[Material to process Boundary: Start]

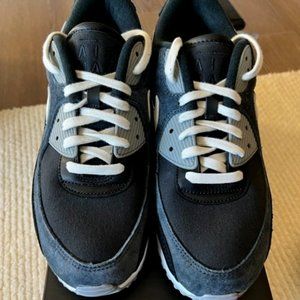 Mens Nike Air Max 90 Premium Black Grey Canvas Suede - DA1641 - size 11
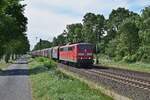 Railpool 151 055 (ex DB Cargo), vermietet an DB Cargo, mit Schiebeplanenwagenzug in Richtung Bremen (Dörverden, 24.05.2018).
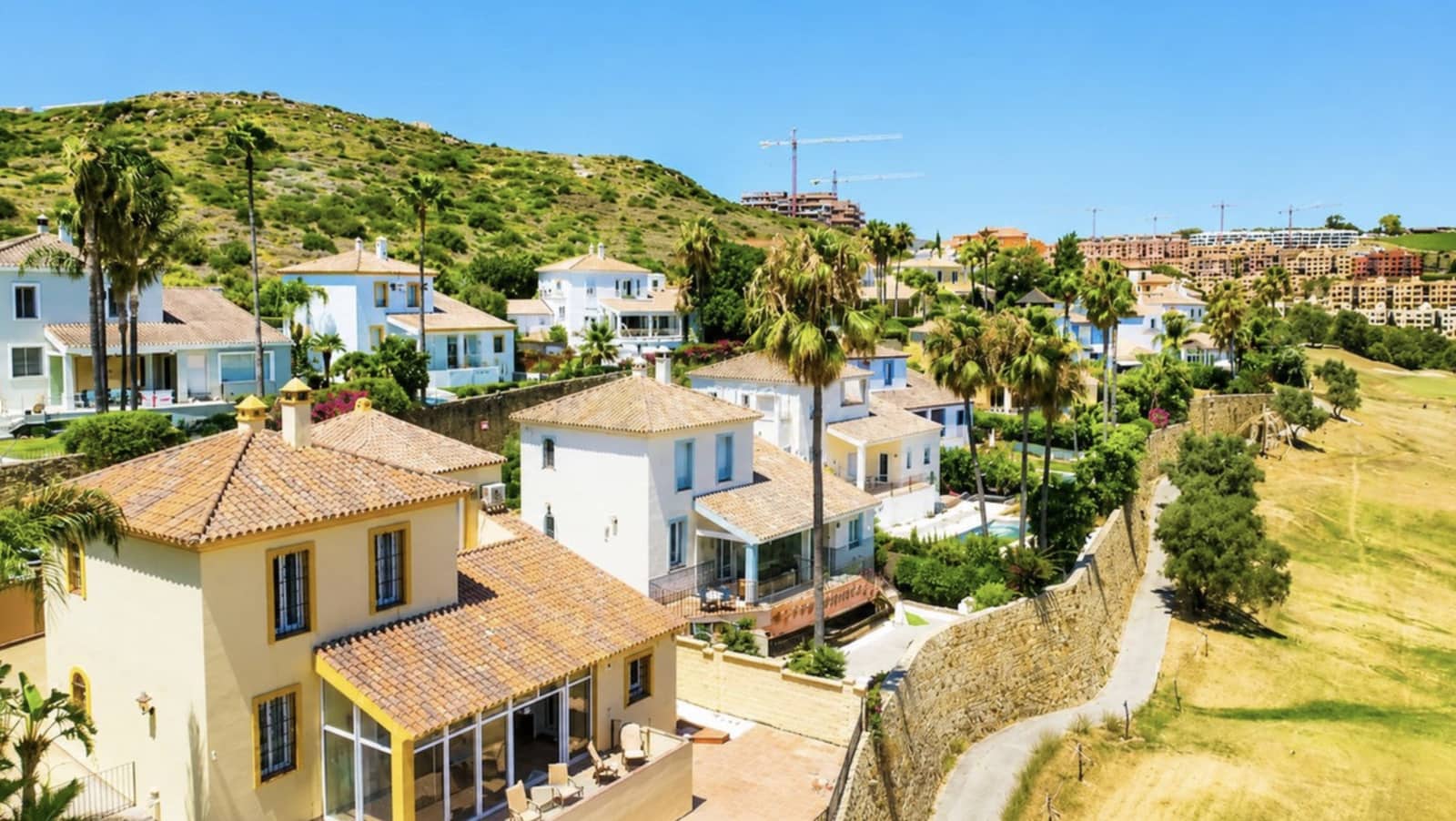 5 soveværelse Villa til salg i La Duquesa / Puerto de la Duquesa med swimmingpool garage - € 980.000 (Ref: 10067176)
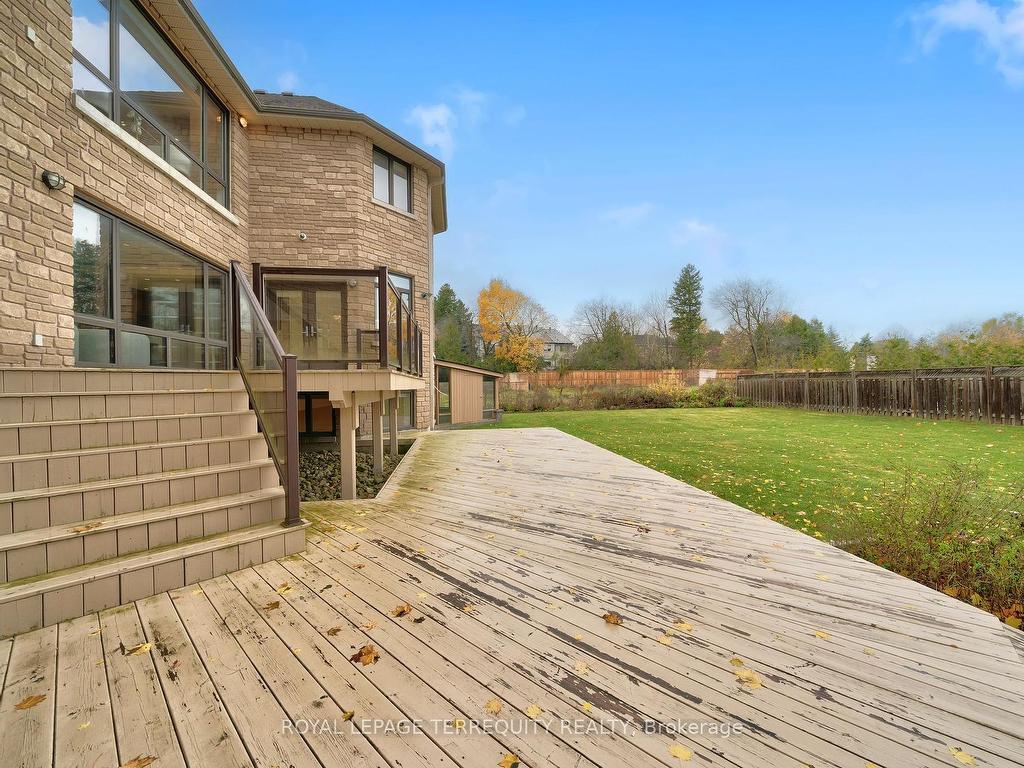 









166


Arnold

Avenue,
Vaughan,




ON
L4J 1B7

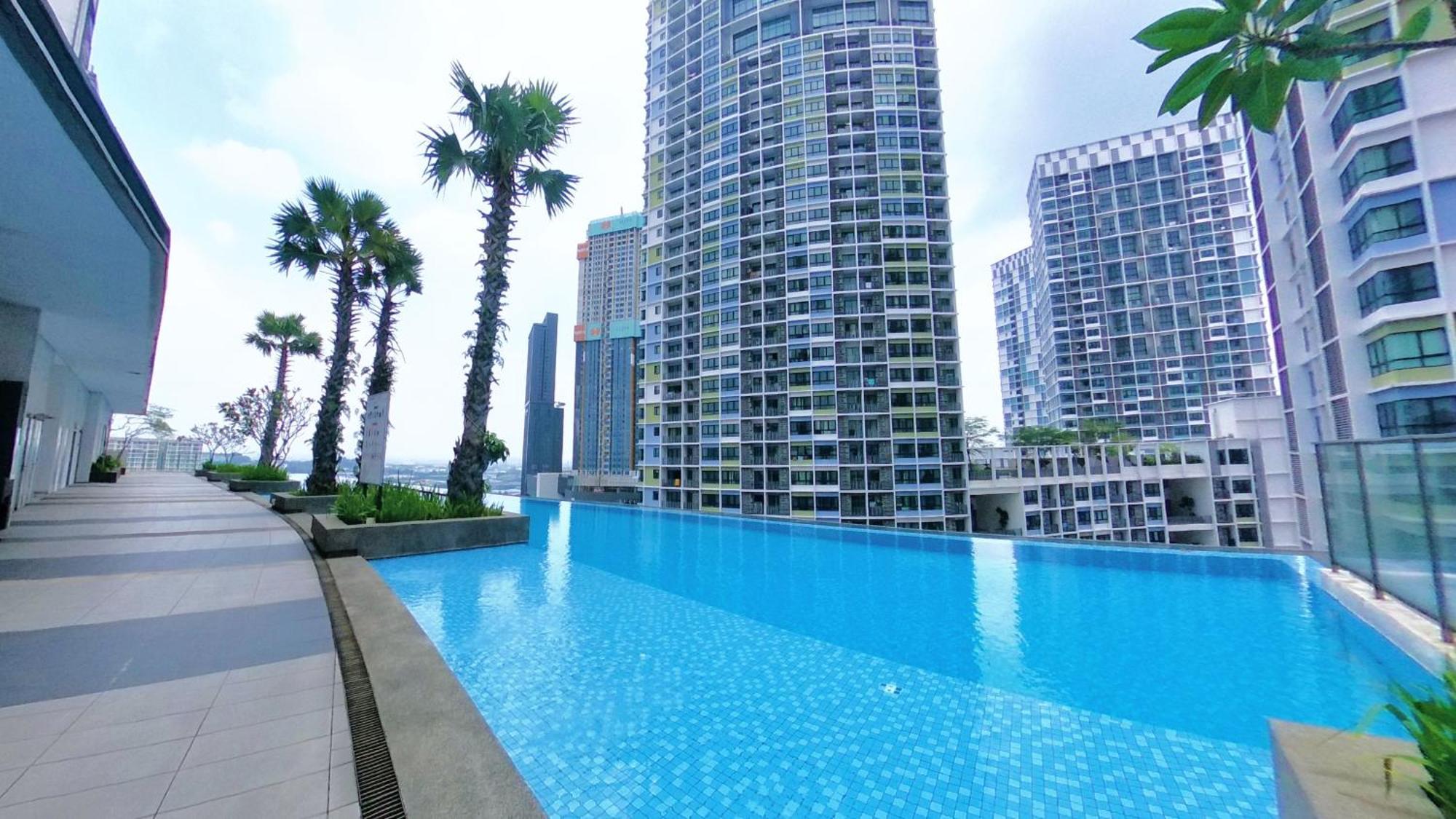 I-City Free Wifi 55Inch Smarttv Car Park Fit 5Pax Shah Alam Exterior foto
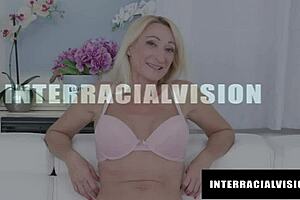 big boobed milf bethie lova stuffed with bbc 😍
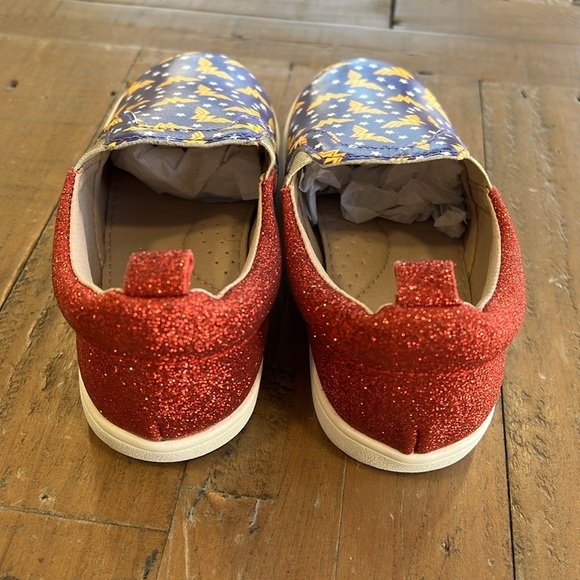 Monkey feet wonder woman slip on sneakers - Picture 4 of 11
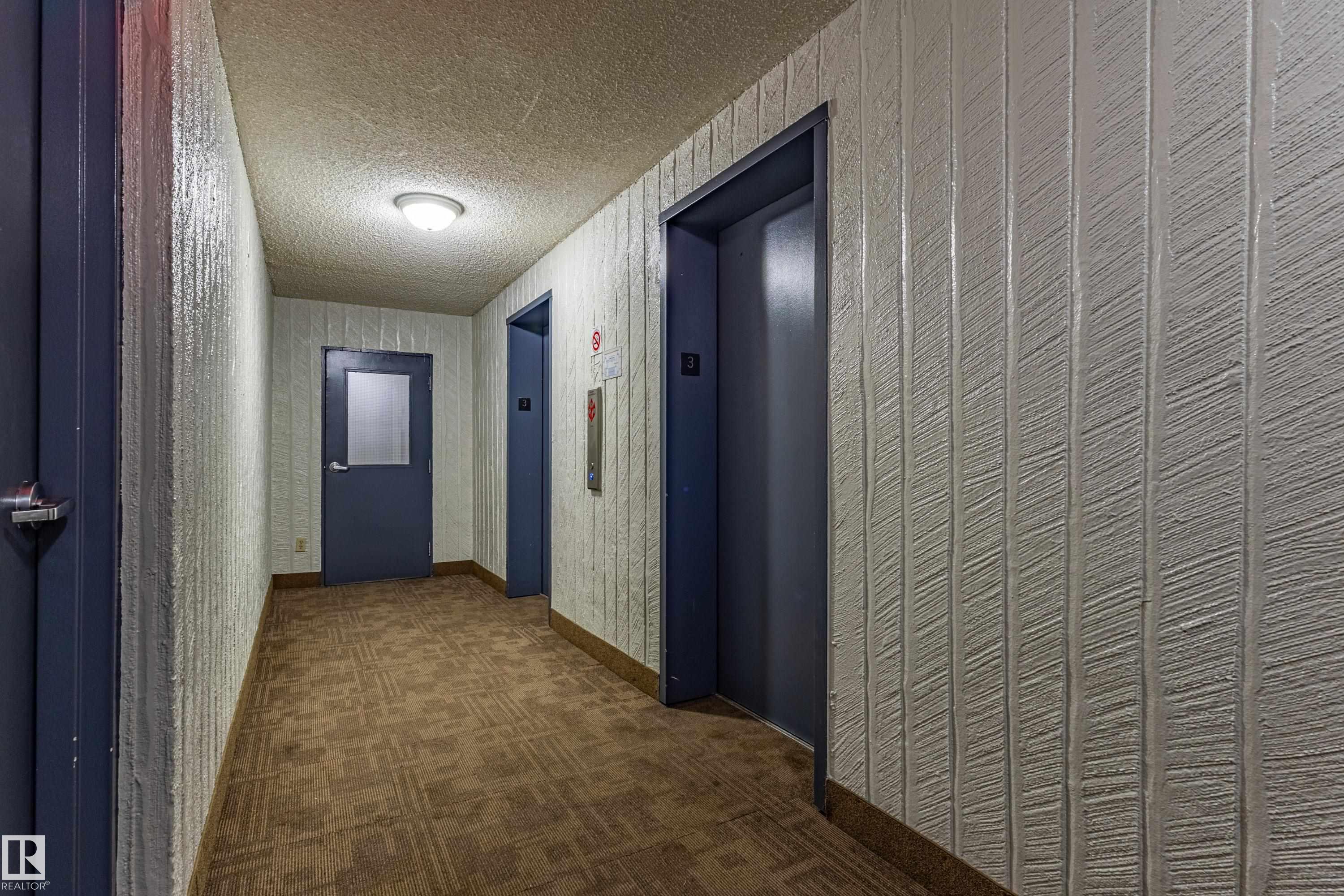 Photo 32 at 37 - 8745 165 Street NW, West Meadowlark Park, Edmonton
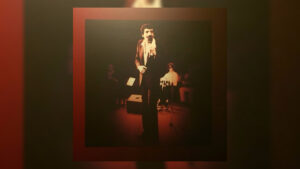 Müslüm Gürses – Senin Kadar Hiç Kimseyi Sevmedim Şarkı Sözleri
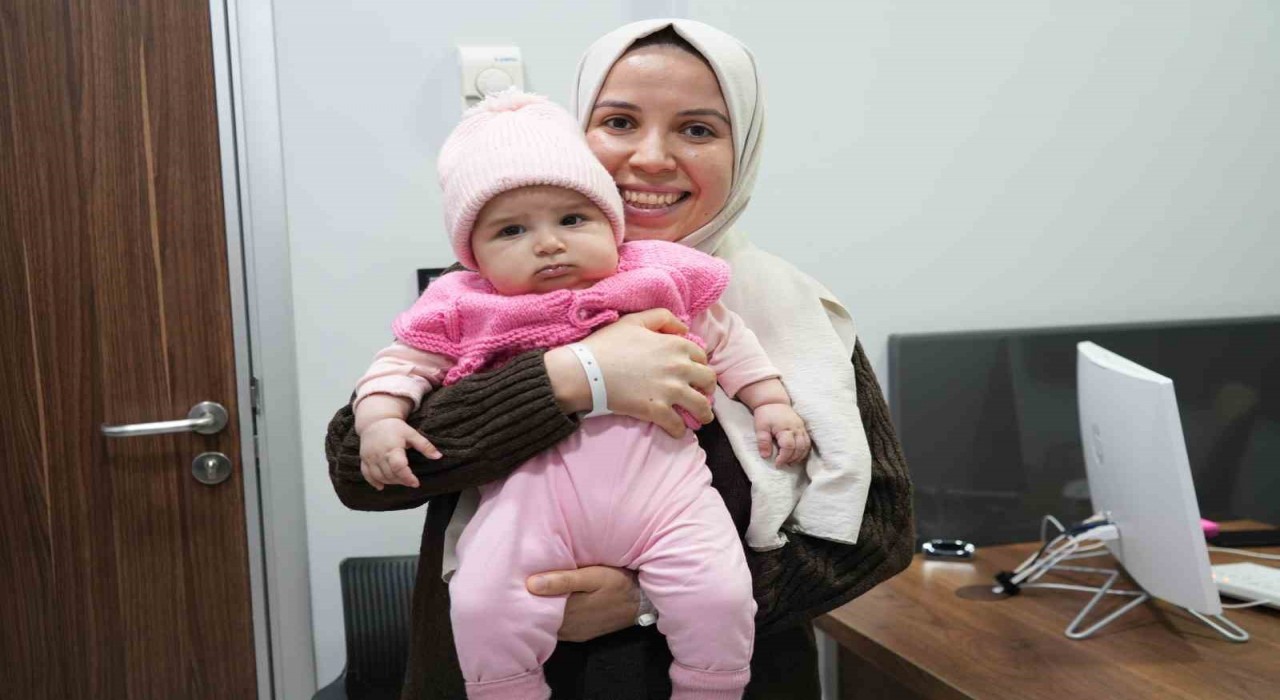 Anne ve bebeği birbirine bağlayan ameliyat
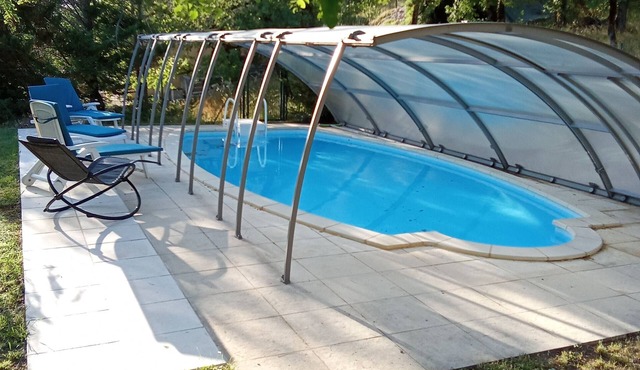 Gîte logis des chênes with swimming pool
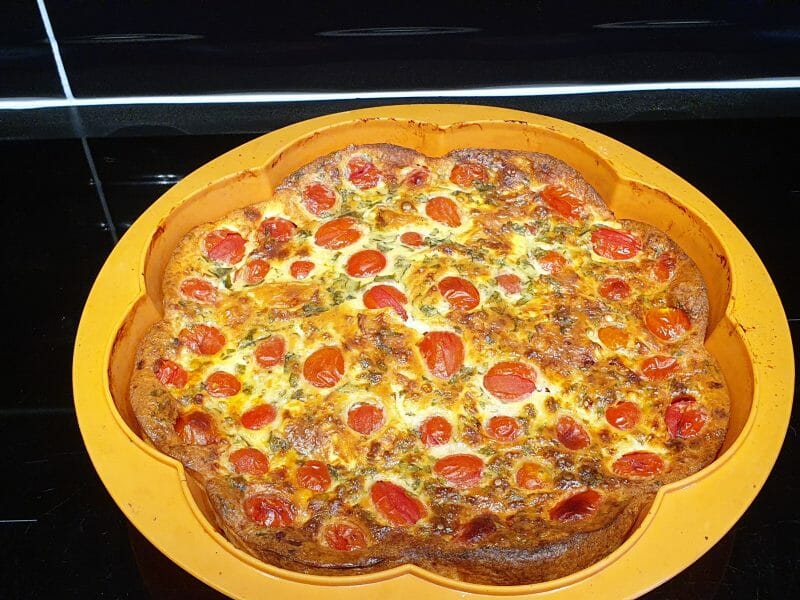 Cliquez pour zoomer ! Clafoutis tomates cerises et fromage de chèvre Thermomix par Karinearnault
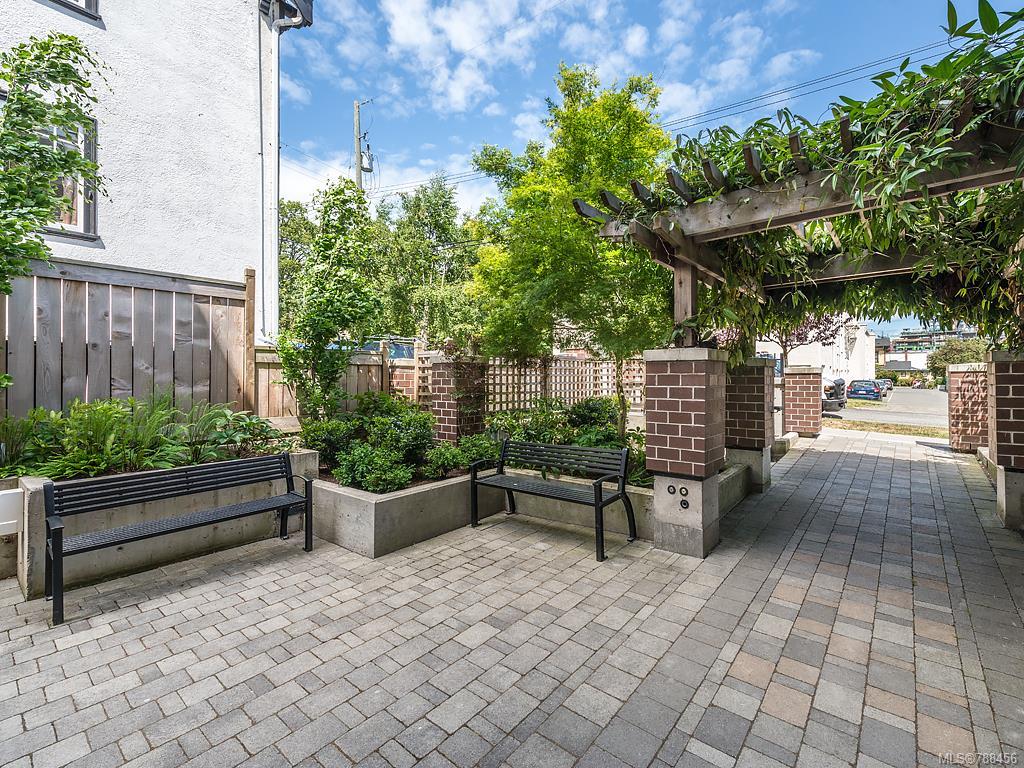 306-1011 Burdett Ave, Victoria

[Material to process Boundary: End]

#### [To do]
Go through the listing above and retype it exactly, skipping every picture.

#### [Exercise output]
 Mens Nike Air Max 90 Premium Black Grey Canvas Suede - DA1641 - size 11
 Railpool 151 055 (ex DB Cargo), vermietet an DB Cargo, mit Schiebeplanenwagenzug in Richtung Bremen (Dörverden, 24.05.2018).
 5 soveværelse Villa til salg i La Duquesa / Puerto de la Duquesa med swimmingpool garage - € 980.000 (Ref: 10067176)









166


Arnold

Avenue,
Vaughan,




ON
L4J 1B7

 I-City Free Wifi 55Inch Smarttv Car Park Fit 5Pax Shah Alam Exterior foto
 big boobed milf bethie lova stuffed with bbc 😍
 Monkey feet wonder woman slip on sneakers - Picture 4 of 11
 Photo 32 at 37 - 8745 165 Street NW, West Meadowlark Park, Edmonton
 Müslüm Gürses – Senin Kadar Hiç Kimseyi Sevmedim Şarkı Sözleri
 Anne ve bebeği birbirine bağlayan ameliyat
 Gîte logis des chênes with swimming pool
 Cliquez pour zoomer ! Clafoutis tomates cerises et fromage de chèvre Thermomix par Karinearnault
 306-1011 Burdett Ave, Victoria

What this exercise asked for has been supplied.